A dare una possibile spiegazione neurologica sul perché tiriamo fuori la lingua quando siamo concentrati nelle attività manuali sono state le due scienziate Gillian S. Forrester e Alina Rodriguez, rispettivamente del Dipartimento di Psicologia, Facoltà di Scienze e Tecnologie dell'Università di Westminster e del Dipartimento di Epidemiologia e Biostatistica dell'Imperial College di Londra. Nell'articolo “Slip of the tongue: Implications for evolution and language development” pubblicato sulla rivista scientifica specializzata Cognition le due ricercatrici hanno sottoposto bambini di quattro anni (con sviluppo tipico) a una serie di compiti cognitivi per osservare la frequenza della protrusione della lingua. I piccoli sono stati impegnati in attività che richiedevano manualità di precisione, movimenti motori grossolani e nessuna azione motoria. La frequenza della protrusione della lingua era positivamente associata al compito motorio, inoltre più richiedeva precisione e maggiori erano le probabilità che la lingua venisse tenuta sul lato destro. Per quale motivo?
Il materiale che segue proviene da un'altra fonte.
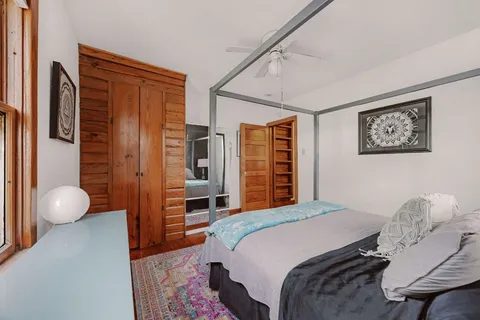 $615,000 | 2102 East 17th Street, Austin, TX 78702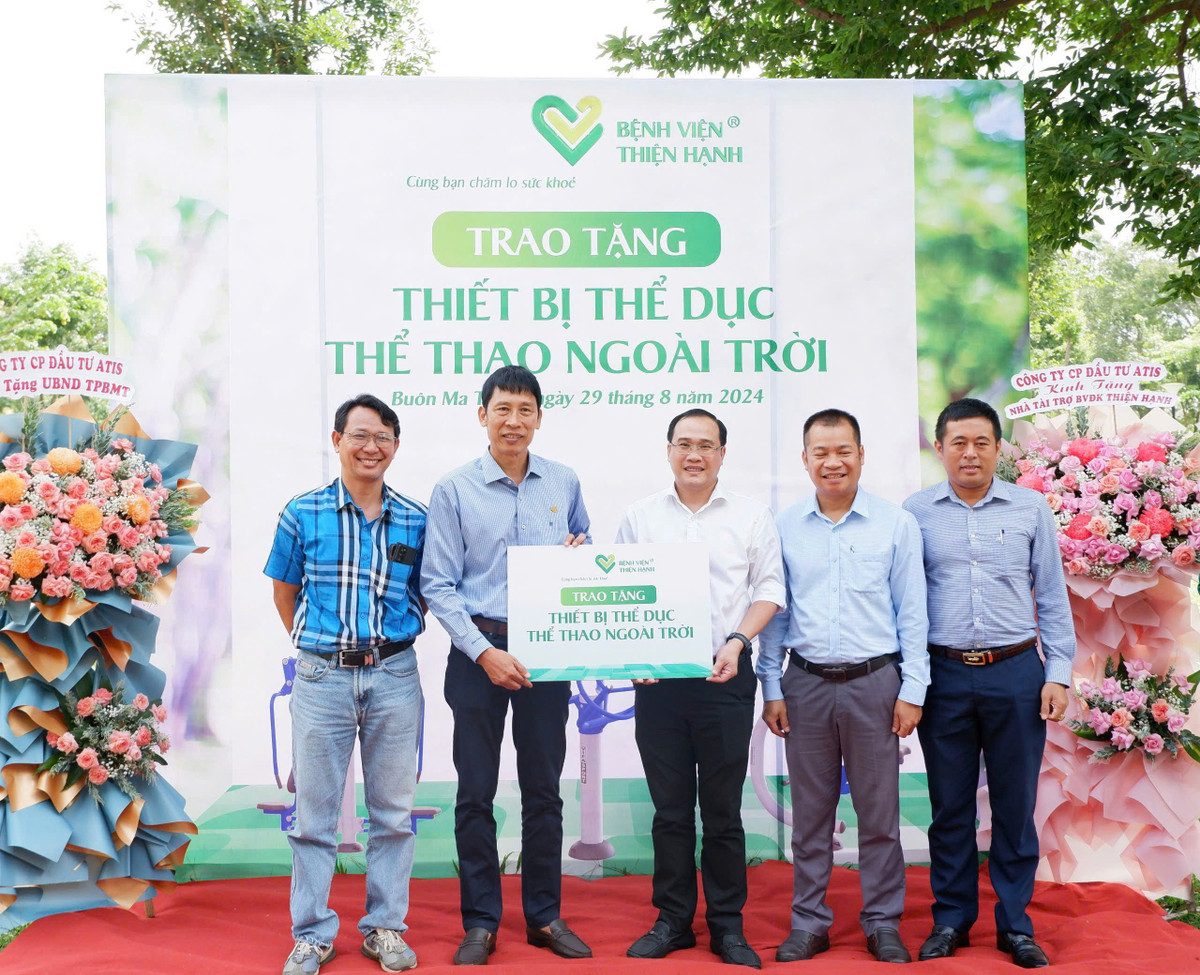 Đắk Lắk: Khánh thành công trình máy tập thể dục ngoài trời Dak Lak: Khanh thanh cong trinh may tap the duc ngoai troi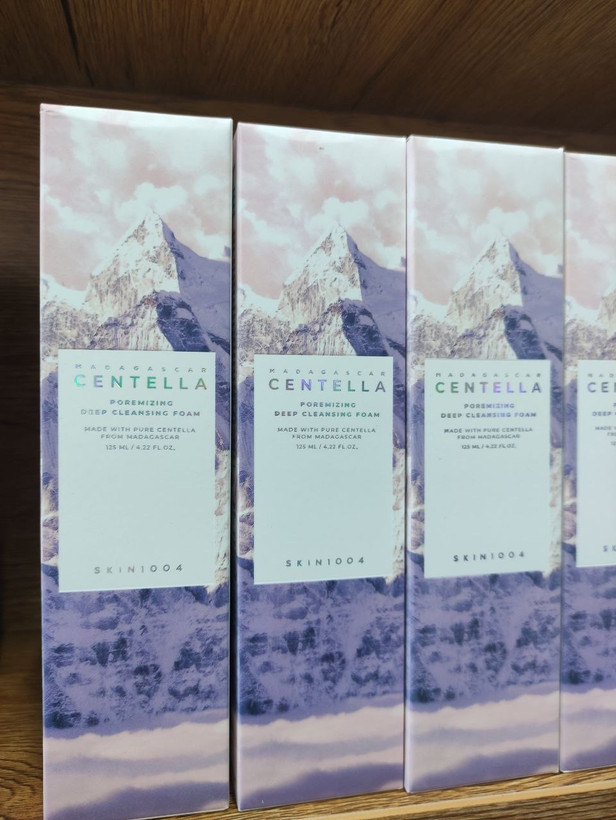 فوم شستشوی عمیق کنترل منافذ سنتلا اسکین 1004 حجم 125ml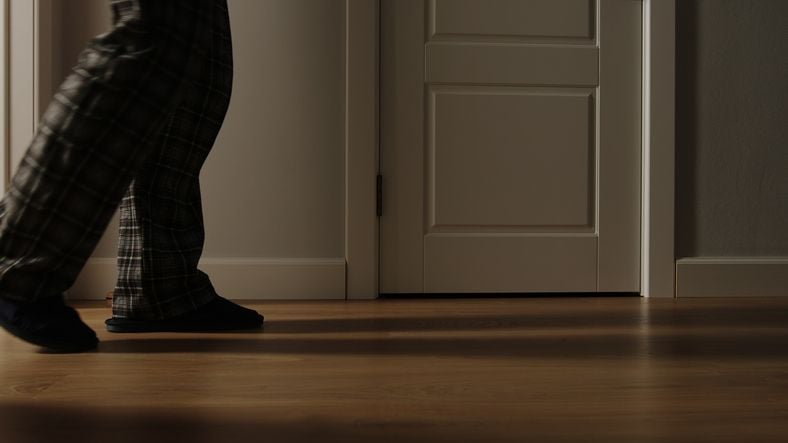 Waarom slaapwandelen mensen en wat kun je doen?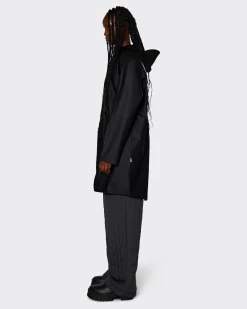 Impermeabile Long Jacket nera con cappuccio dalla finitura metallica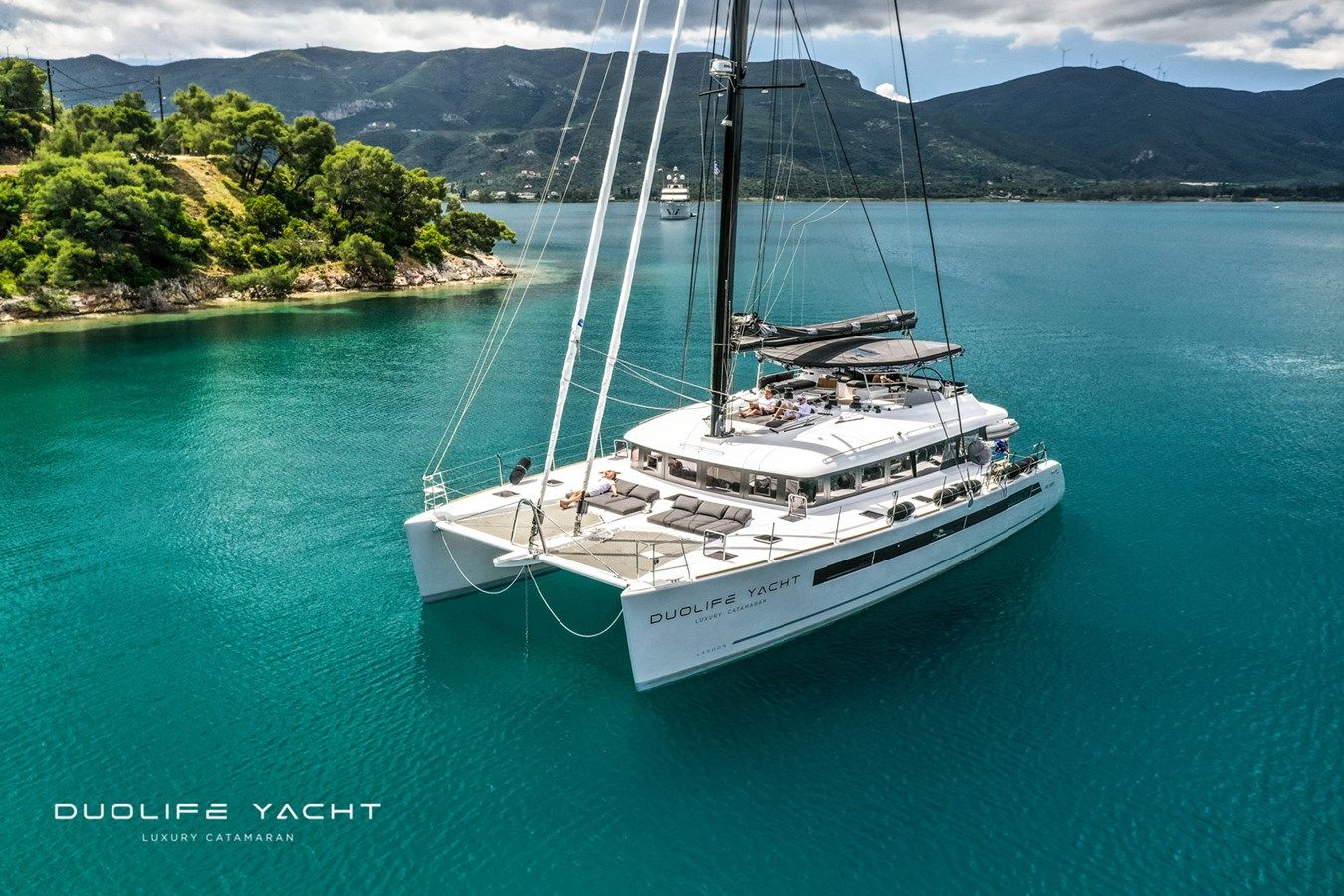 Lagoon 620 ESSENCE Duolife Yacht 62 yacht sale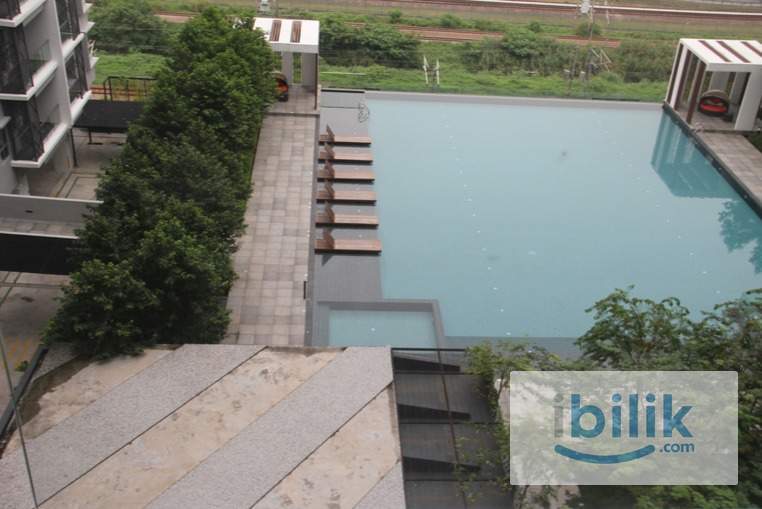 F/F middle size Pool view room - beautiful & convenient location - Image 4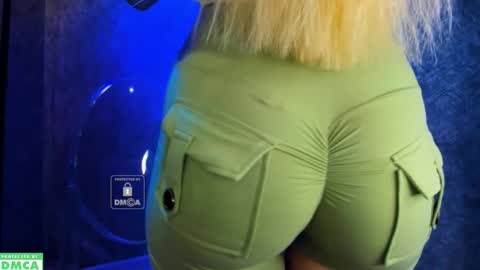 xteona online show from 10/09/25, 10:57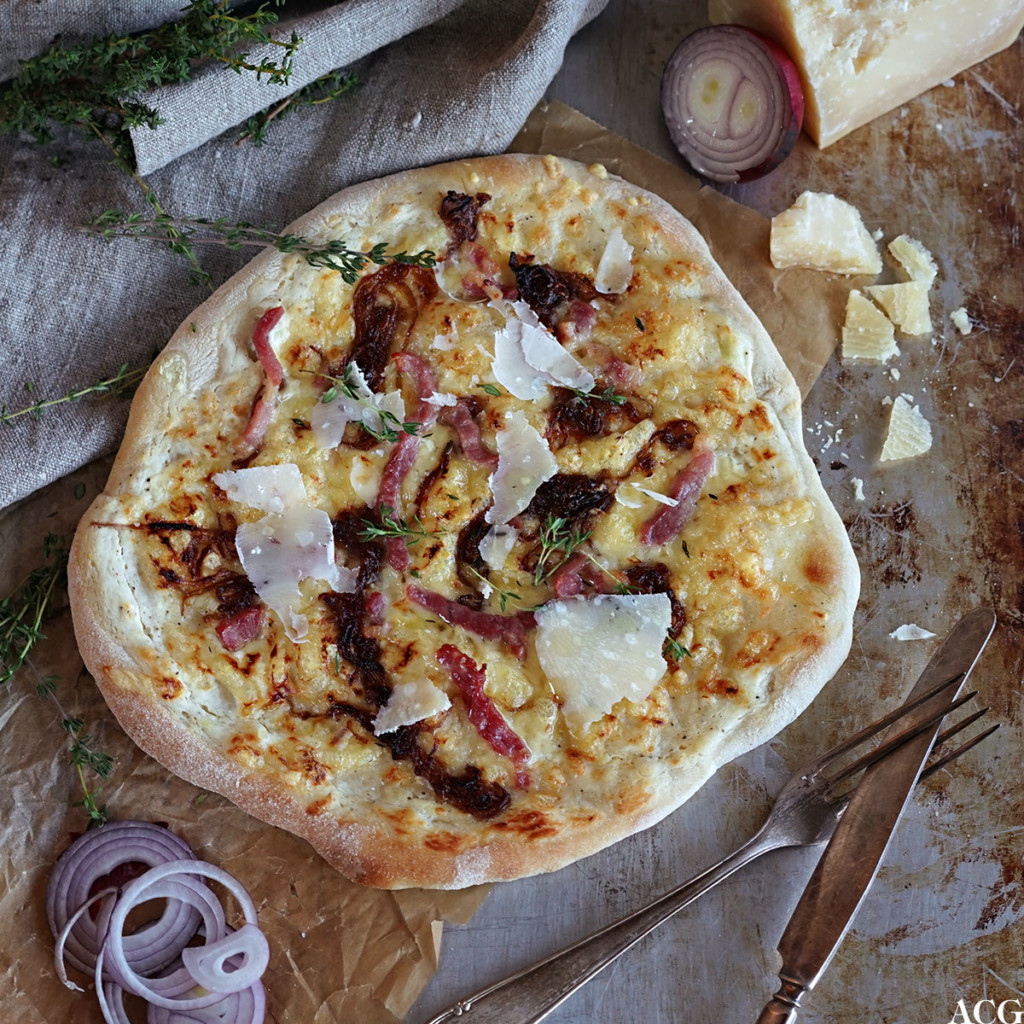rask gourmetpizza med bacon og rødløk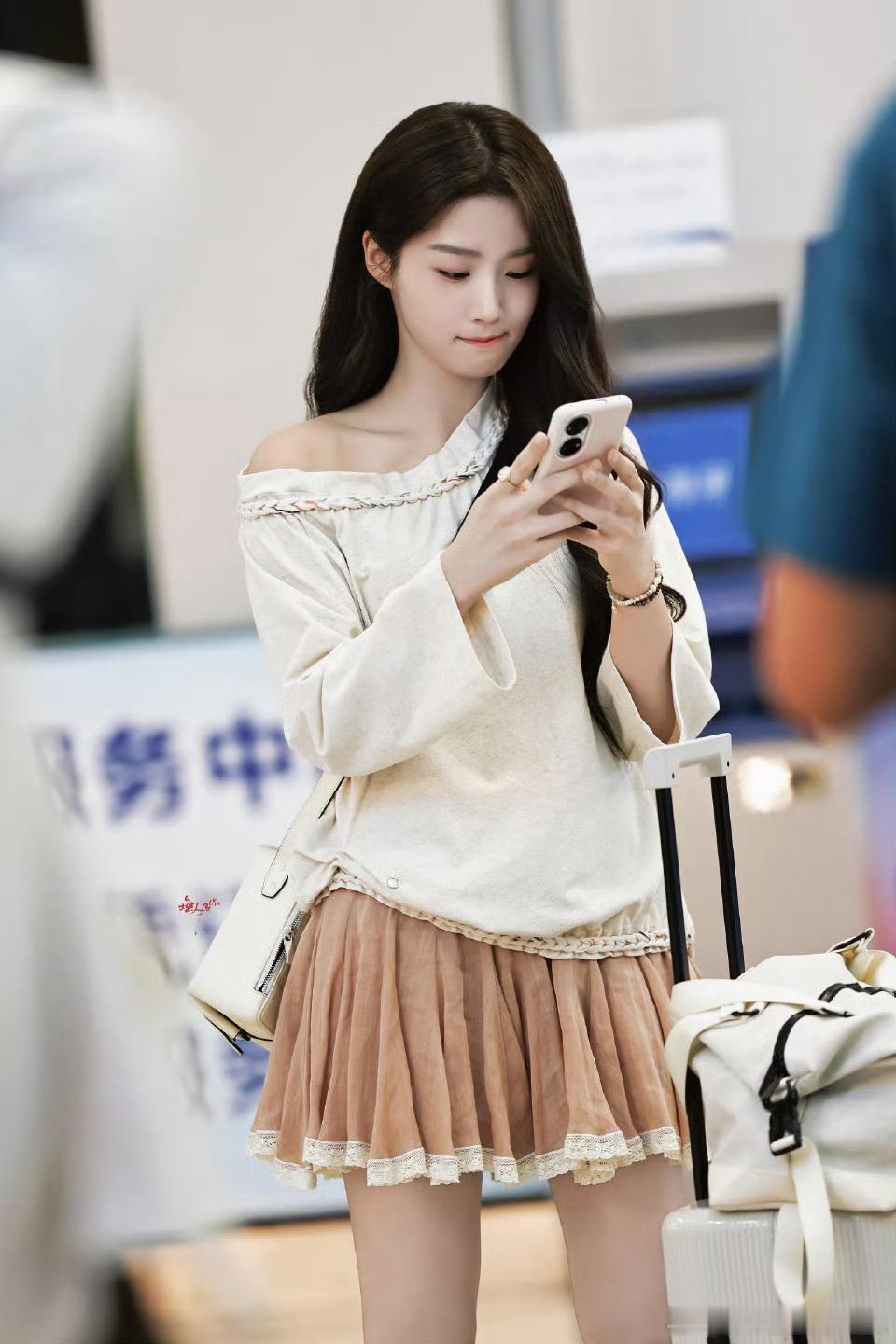 抿嘴和嘟嘴的卢昱晓好美哦 ​​​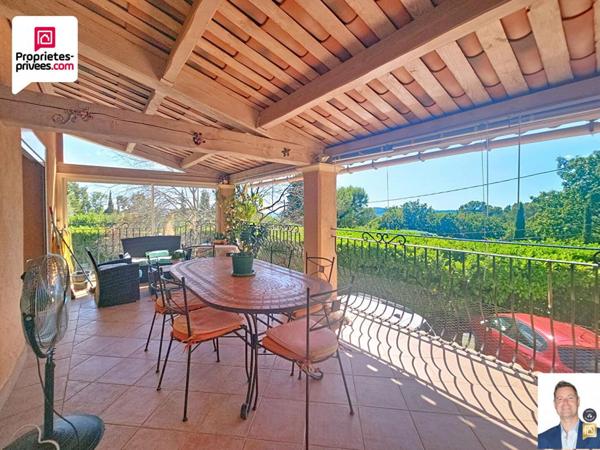 Villa 3 pièces et appartement 2 pièces 183 m2 sur un terrain de 3000 m2 avec  garage , sous-sol et piscine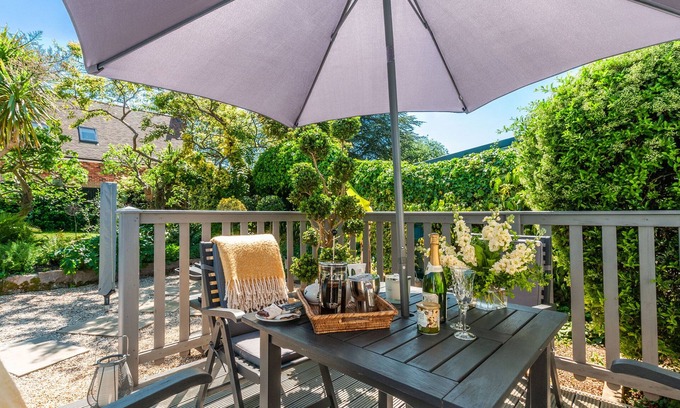 Worth Cottage | THE APARTMENT AT SOLLEY FARM HOUSE, family friendly in Sandwich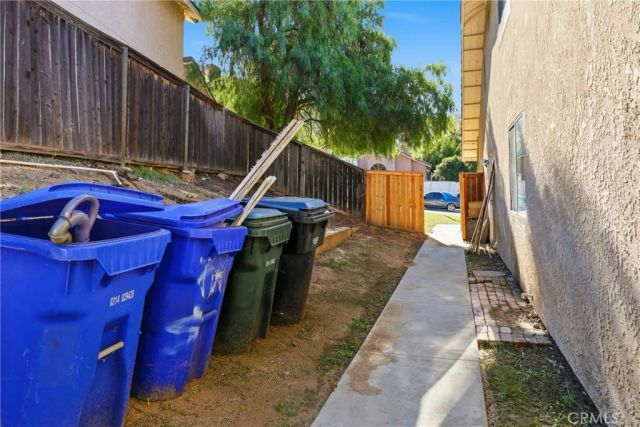 14988 Long View Drive, Fontana, CA 92337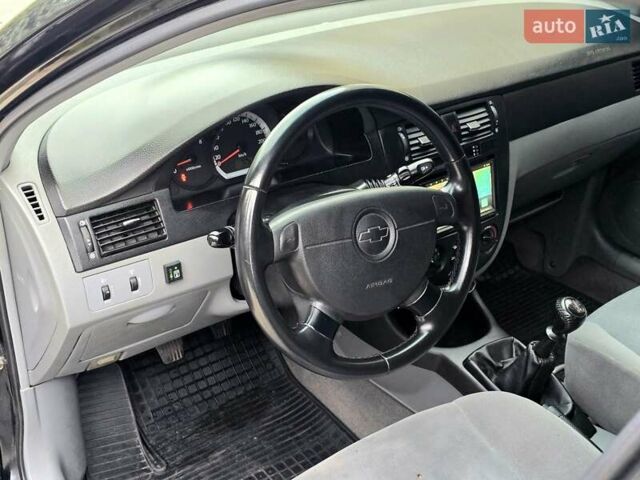 Чорний Шевроле Лачетті, об'ємом двигуна 1.8 л та пробігом 240 тис. км за 3600 $, фото 7 на Automoto.ua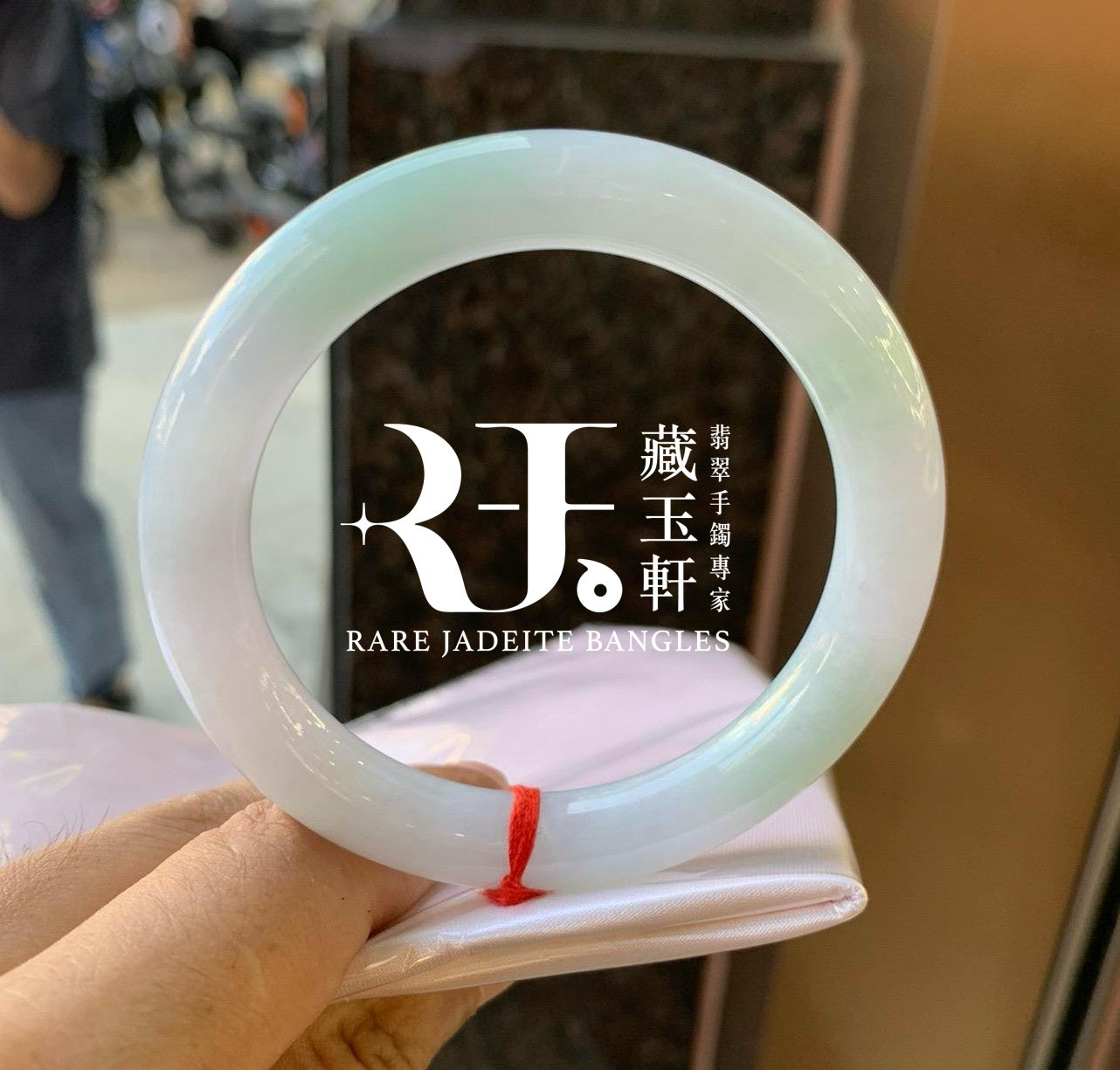牛奶底飄綠福鐲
La spiegazione più affascinante è legata al fatto che l'articolazione della mano e della lingua sono governate da processi cerebrali condivisi. “Ciò avrebbe fornito un ponte naturale per lo sviluppo di un primo sistema di comunicazione, passando dai gesti delle mani alla parola nell'uomo primitivo”, ha specificato la professoressa Forrester in un comunicato stampa dell'Università di Westminster. Non a caso lo studio “Language as a Tool: Motor Proficiency Using a Tool Predicts Individual Linguistic Abilities” pubblicato su Frontiers in Psychology ha dimostrato che esistono processi cognitivi condivisi tra l'uso degli strumenti (manualità complessa) e il linguaggio: l'area del cervello che si attiva mentre dipingiamo, scriviamo o ripariamo qualcosa con le mani è infatti prossima a quella del linguaggio, ed entrambe sono localizzate nell'emisfero sinistro.

La comunicazione tra le scimmie avviene principalmente attraverso la gestualità manuale, dunque ed è molto probabile che anche i nostri antenati del genere Homo utilizzassero gesti simili. Con l'invenzione dei primi strumenti complessi e le mani impegnate, tuttavia, il metodo dominante per comunicare è passato alla bocca, una transizione agevolata proprio dalla vicinanza tra le aree del cervello deputate al controllo delle mani e della lingua. “Questo è probabilmente il motivo per cui vedi fare così tanti gesti quando parliamo, perché la vista è il nostro strumento sensoriale principale”, ha dichiarato a LiveScience la professoressa Forrester. Sebbene tuttavia la connessione neurologica e funzionale tra mani e lingua è ben documentata, l'esatta ragione per cui viene tirata fuori quando ci concentriamo su qualcosa è tutta da dimostrare. Potrebbe essere una sorta di "residuo" del nostro metodo di comunicazione ancestrale, oppure un riflesso legato alla vicinanza tra le aree del cervello che controllano lingua e articolazioni delle mani.